### PROBLEM
Both the line below containing "Top Construction Injuries To Know About" and the line containing "Matematicas Aplicadas a", along with every line between them, should be repeated exactly; no other line belongs in the answer.

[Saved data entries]
════════════════════

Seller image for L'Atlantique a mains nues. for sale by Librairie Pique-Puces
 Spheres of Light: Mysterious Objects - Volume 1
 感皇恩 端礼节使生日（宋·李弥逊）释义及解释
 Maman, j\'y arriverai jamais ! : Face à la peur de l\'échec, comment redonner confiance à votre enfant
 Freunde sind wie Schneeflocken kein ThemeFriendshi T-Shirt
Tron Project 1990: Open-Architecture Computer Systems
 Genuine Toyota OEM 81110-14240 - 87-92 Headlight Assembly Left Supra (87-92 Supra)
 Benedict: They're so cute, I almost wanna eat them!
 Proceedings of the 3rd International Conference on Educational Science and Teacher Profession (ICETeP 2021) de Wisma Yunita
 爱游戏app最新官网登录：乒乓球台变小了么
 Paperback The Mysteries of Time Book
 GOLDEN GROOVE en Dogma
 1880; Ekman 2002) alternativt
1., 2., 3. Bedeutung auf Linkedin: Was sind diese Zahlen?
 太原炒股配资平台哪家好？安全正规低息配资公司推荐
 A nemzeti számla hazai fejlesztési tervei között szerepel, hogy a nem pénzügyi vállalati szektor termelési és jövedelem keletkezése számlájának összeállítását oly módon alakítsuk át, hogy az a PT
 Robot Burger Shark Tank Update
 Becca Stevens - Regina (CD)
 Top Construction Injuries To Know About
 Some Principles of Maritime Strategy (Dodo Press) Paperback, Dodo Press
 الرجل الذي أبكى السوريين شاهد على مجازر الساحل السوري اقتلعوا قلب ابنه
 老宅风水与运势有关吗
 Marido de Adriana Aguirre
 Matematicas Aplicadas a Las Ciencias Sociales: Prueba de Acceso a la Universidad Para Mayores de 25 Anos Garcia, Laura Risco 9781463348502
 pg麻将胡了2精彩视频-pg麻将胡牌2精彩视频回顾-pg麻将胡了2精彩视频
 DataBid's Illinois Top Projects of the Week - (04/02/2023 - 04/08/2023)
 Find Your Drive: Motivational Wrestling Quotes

════════════════════

### RESPONSE BOX
 Top Construction Injuries To Know About
 Some Principles of Maritime Strategy (Dodo Press) Paperback, Dodo Press
 الرجل الذي أبكى السوريين شاهد على مجازر الساحل السوري اقتلعوا قلب ابنه
 老宅风水与运势有关吗
 Marido de Adriana Aguirre
 Matematicas Aplicadas a Las Ciencias Sociales: Prueba de Acceso a la Universidad Para Mayores de 25 Anos Garcia, Laura Risco 9781463348502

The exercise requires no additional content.